Scenario 1: Interpreting a topic modeling output

You can interact with a demo of this first scenario here

TopicVisExplorer Scenario 1

Given the topic modeling result of one corpus, our visualization has three basic pieces. First, the central panel of our visualization presents a global view of the topics and aims to answer questions “How prevalent is each topic?”, and “How do topics relate to each other?

In this view, we plot the topics as circles in a two-dimensional space whose centers are determined by computing the distance between topics using a newly proposed topic similarity metric , and then by using multidimensional scaling to project the inter-topic distances onto two dimensions using principal coordinate analysis.

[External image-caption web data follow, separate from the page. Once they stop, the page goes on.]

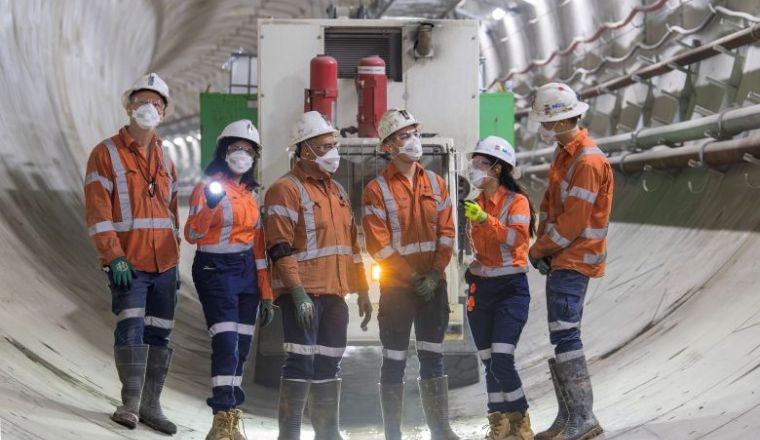 Six construction workers in safety gear standing in a tunnel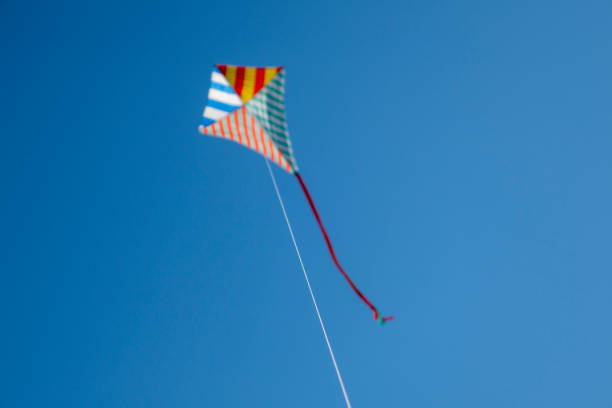 istock Colorful kite flying with waving red bow 1148910404
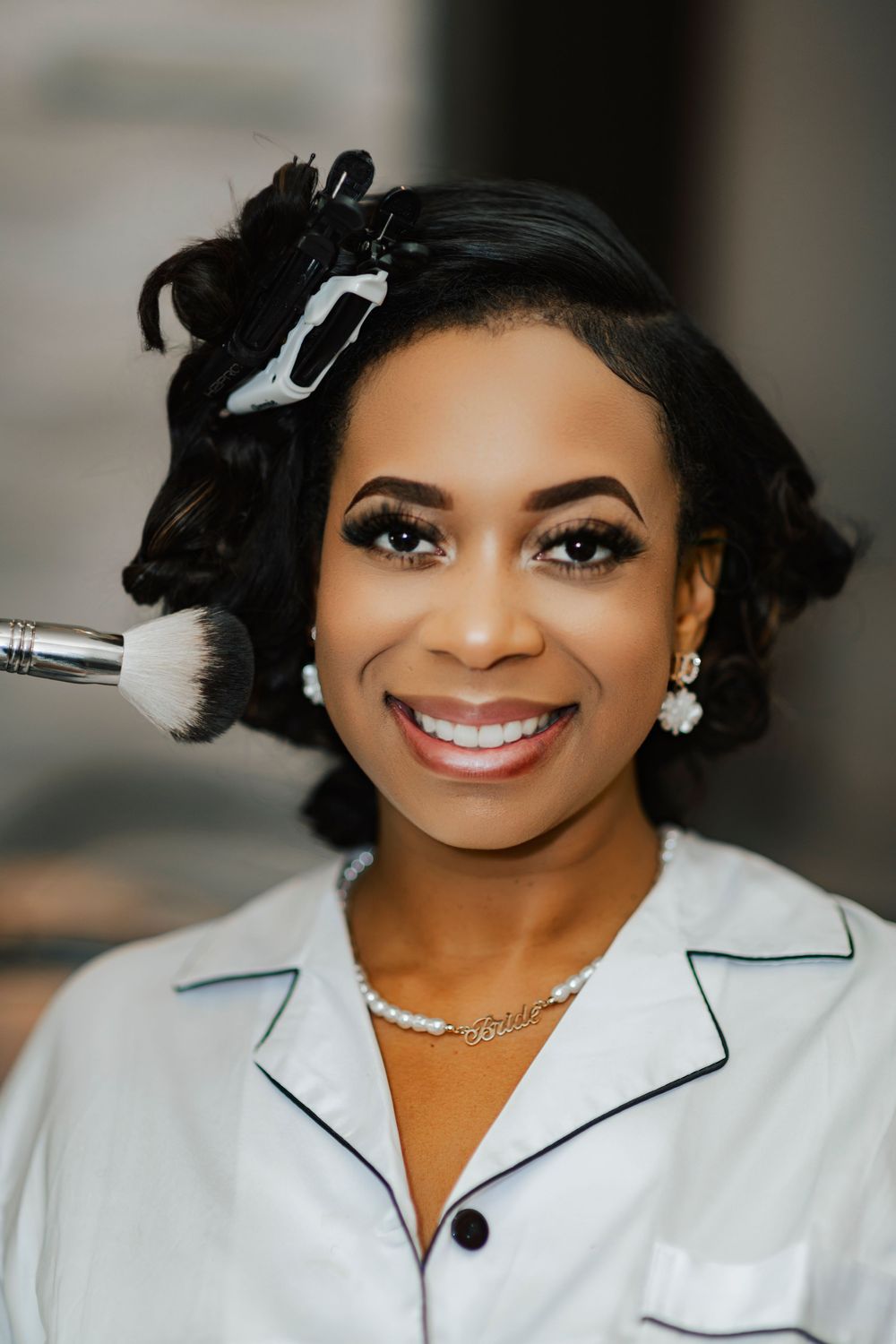 Professional headshot series showing a bright smile and elegant white blazer with black trim.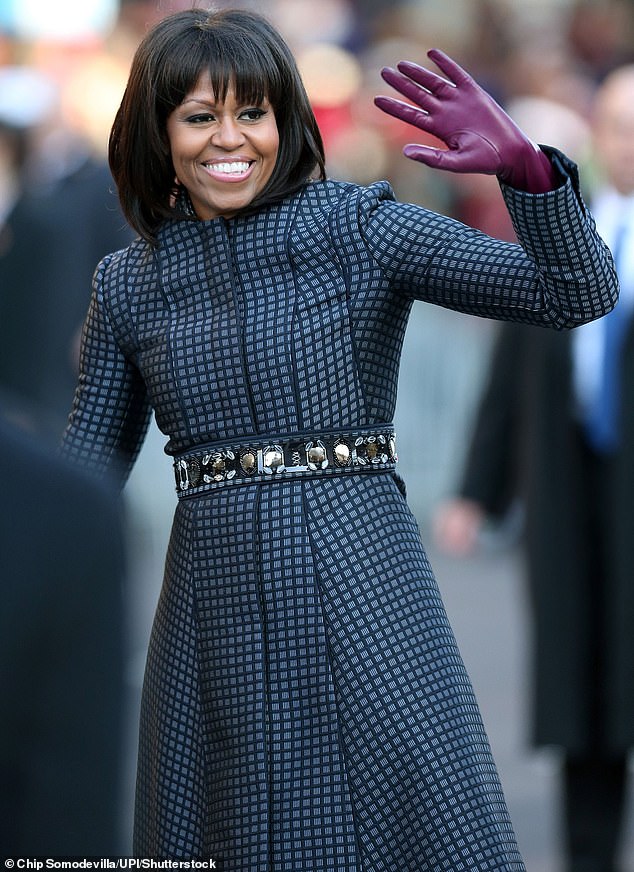 During her First Lady years, Obama's hair was a straightened helmet – as rigid as Lady Thatcher's famous shampoo and set. Pictured: Obama at her husband's inauguration in 2013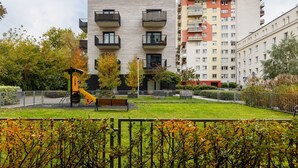 Un immeuble résidentiel doté de balcons, d’une aire de jeux et d’un jardin clos.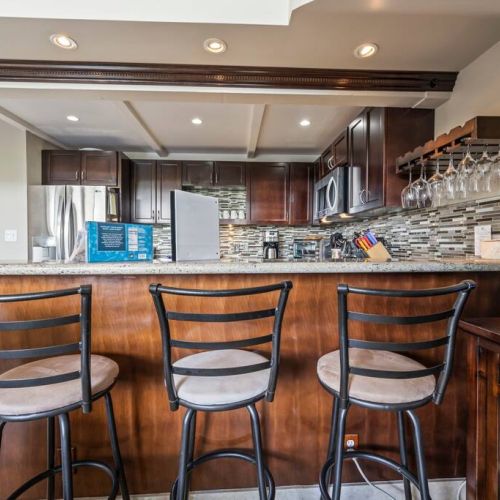 Kitchen island with bar stool seating. Condo also has a printer for your use.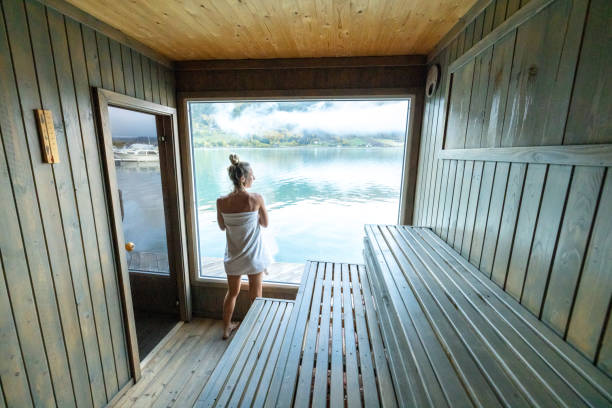 istock Young woman relaxing in floating sauna 1727392003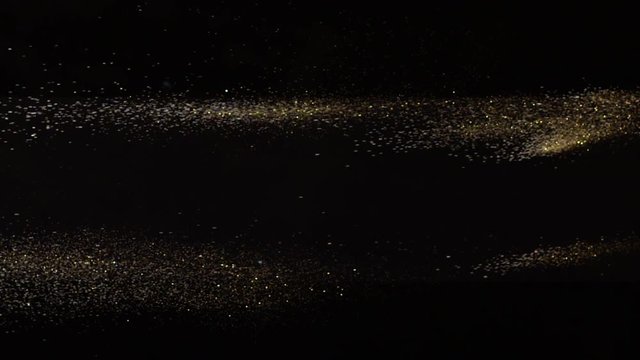 00:01 | 00:59 1&times;  Falling real golden dust from left to right, right to left on black background. This footage can be used on first plan of different videos by blend modes Overlay or Screen. Shot on R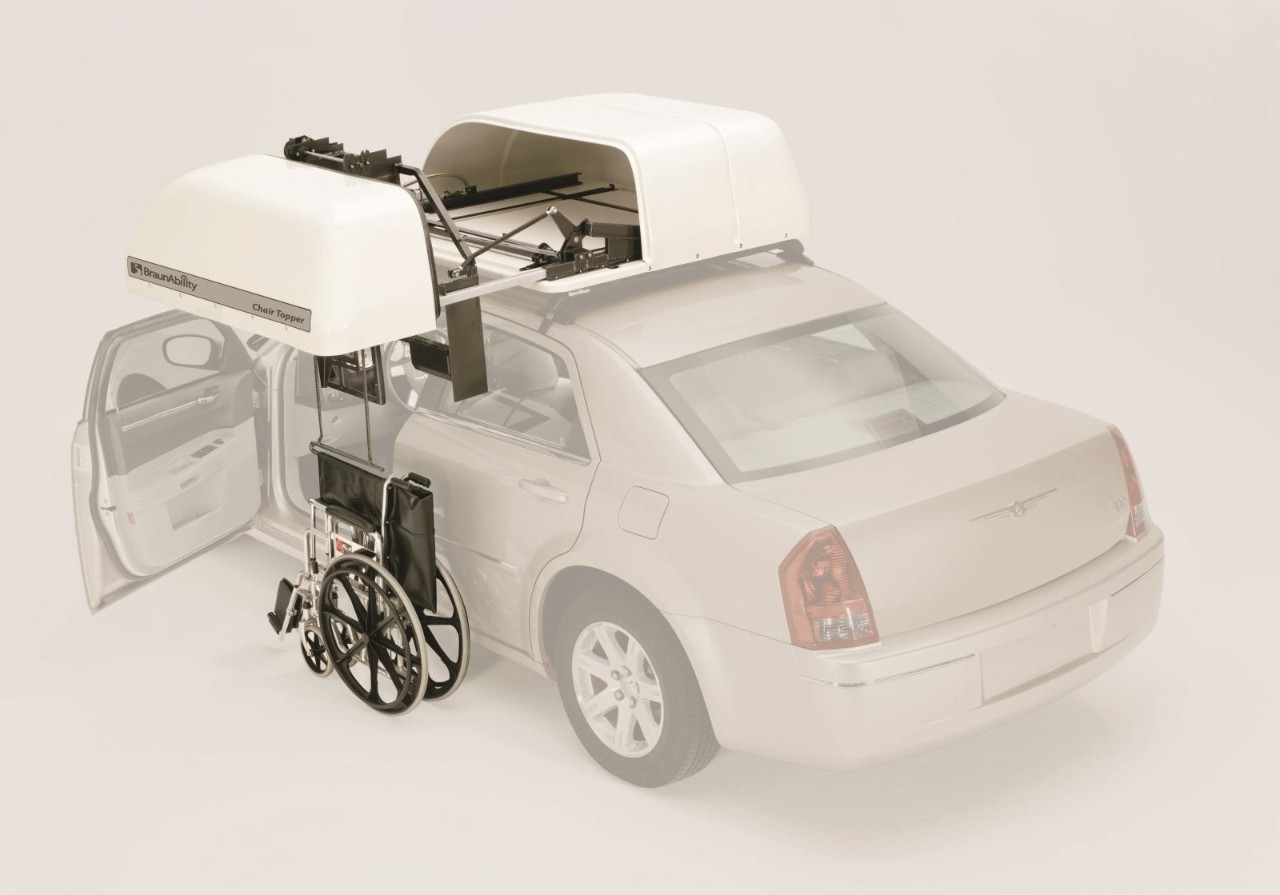 Molded plastic cover protects wheelchair from outside elements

We encode each topic's overall prevalence using the circles' areas.

Secondly, to help users answering question 1: “What is the meaning of each topic?”, the right panel of our visualization allows the user to visualize the text and contribution percentage of the most relevant documents associated with the currently selected topic on the central panel. Documents are sorted according to the contribution to the topic.

Finally, to help users answer the question "What is the meaning of each topic?", the left panel of our visualization depicts a horizontal bar chart whose bars represent the most useful terms to interpret the currently selected topic on the central panel. A pair of overlaid bars represent both the corpus-wide frequency of a given term as well as the topic-specific frequency of the term. This kind of linked selection allows users to examine a large number of topic-term relationships in a compact manner. Following Sievert and Shirley's approach, the most useful terms to a given topic are ranked according to the relevance metric, that allows users to flexibly rank terms in order of usefulness for topic interpretation. A slider allows users to alter the rankings of terms to aid topic interpretation. By default, the slider value is set to 0.6, as is suggested in a prior user study.

The left, central and right panels of our visualization are linked such that selecting a topic (on the central panel) reveals the most useful terms (on the left panel) and the most useful documents (on the right panel) for interpreting the selected topic automatically.

Scenario 2: Comparing topics from two topic modeling output

You can interact with a demo of this second scenario here

TopicVisExplorer Scenario 2

In this second scenario, TopicVisExplorer introduces a visual representation to compare two topic modeling outputs. Here, the central panel contains a Sankey diagram to provides an overview of the relationships between the topics from different corpora. Nodes in the graph represent the topics, and the paths between nodes represent the similarity between them. The topics are represented as boxes, and their height depends on the number of connections with other topics. Topics are coloured according to the topic modeling output. The paths are represented with arcs that have a width proportional to the topic similarity score calculated by our proposed topic similarity metric. The order of the nodes is according to their frequency.

Notice that after selecting topics from two different topic modeling outputs on the central panel, the left and right panels shows the most relevant keywords and the most relevant documents to each of them, respectively. Topic labelling, topic splitting and topic merging operations are allowed as well.